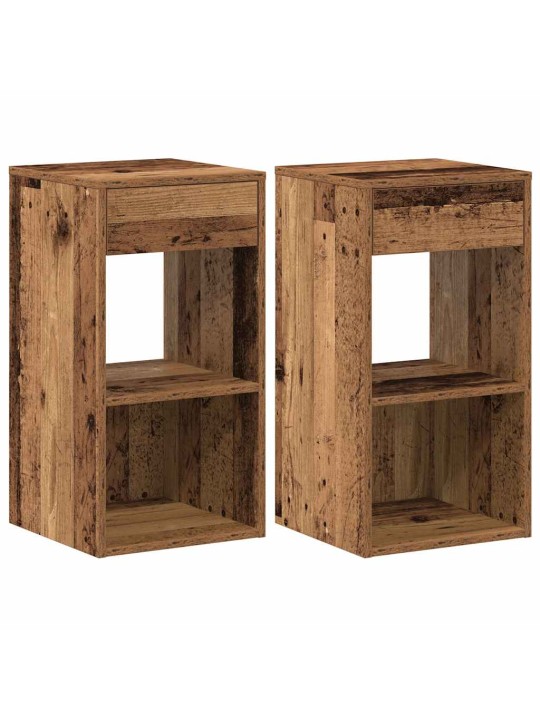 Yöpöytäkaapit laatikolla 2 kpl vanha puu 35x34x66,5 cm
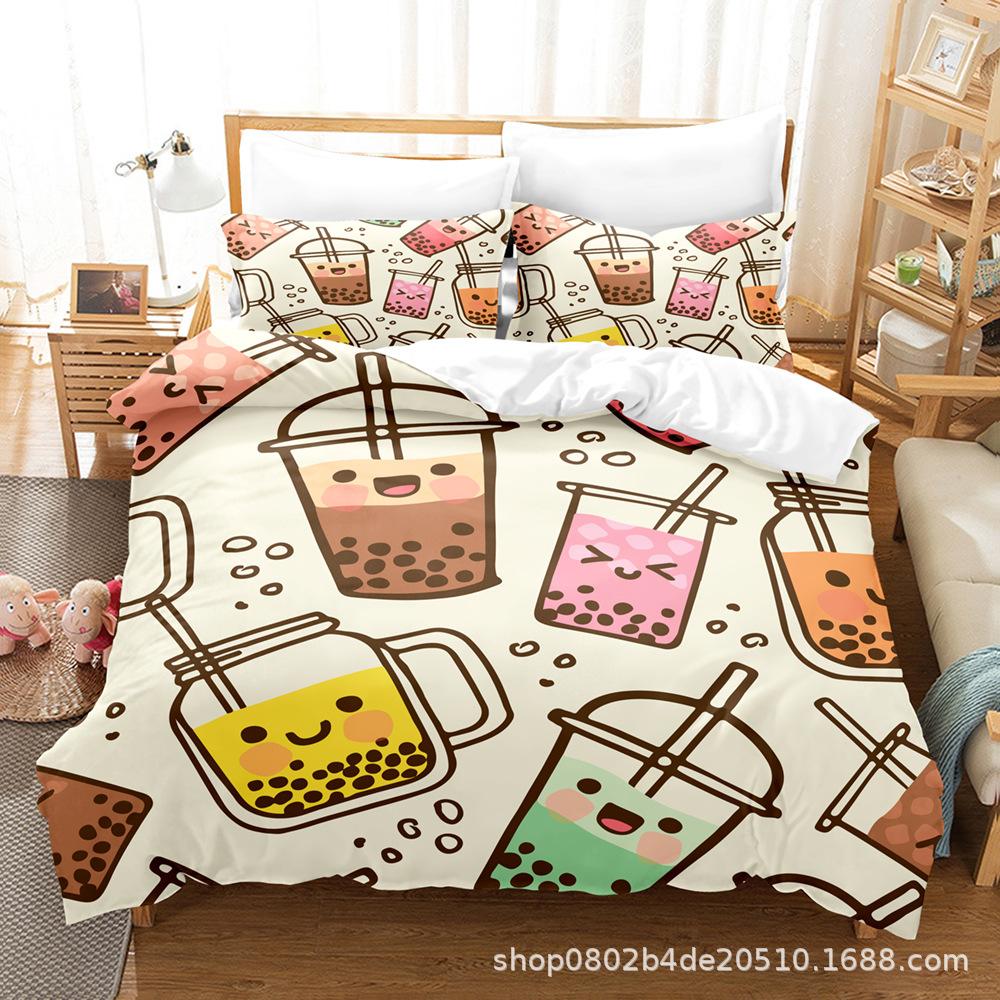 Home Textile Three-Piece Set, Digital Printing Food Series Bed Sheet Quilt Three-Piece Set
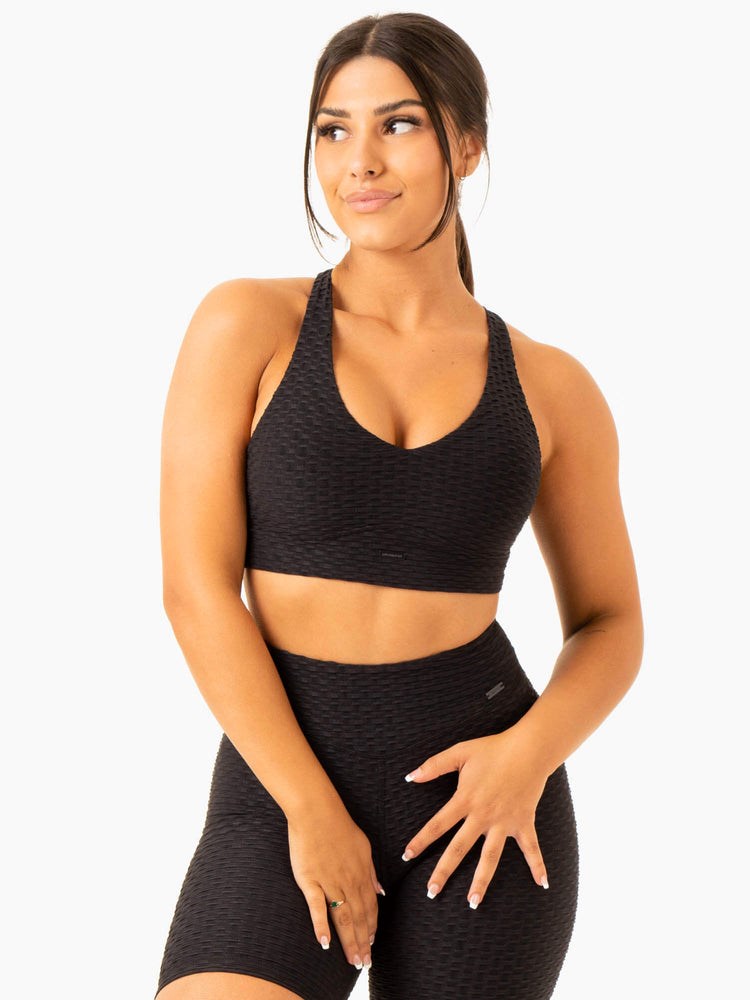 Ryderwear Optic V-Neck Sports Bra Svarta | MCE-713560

* [THE TASK]:
Give back all the material exactly, with no pictures.

* [RESULT OF THE TASK]:
 Yöpöytäkaapit laatikolla 2 kpl vanha puu 35x34x66,5 cm
 Home Textile Three-Piece Set, Digital Printing Food Series Bed Sheet Quilt Three-Piece Set
 Ryderwear Optic V-Neck Sports Bra Svarta | MCE-713560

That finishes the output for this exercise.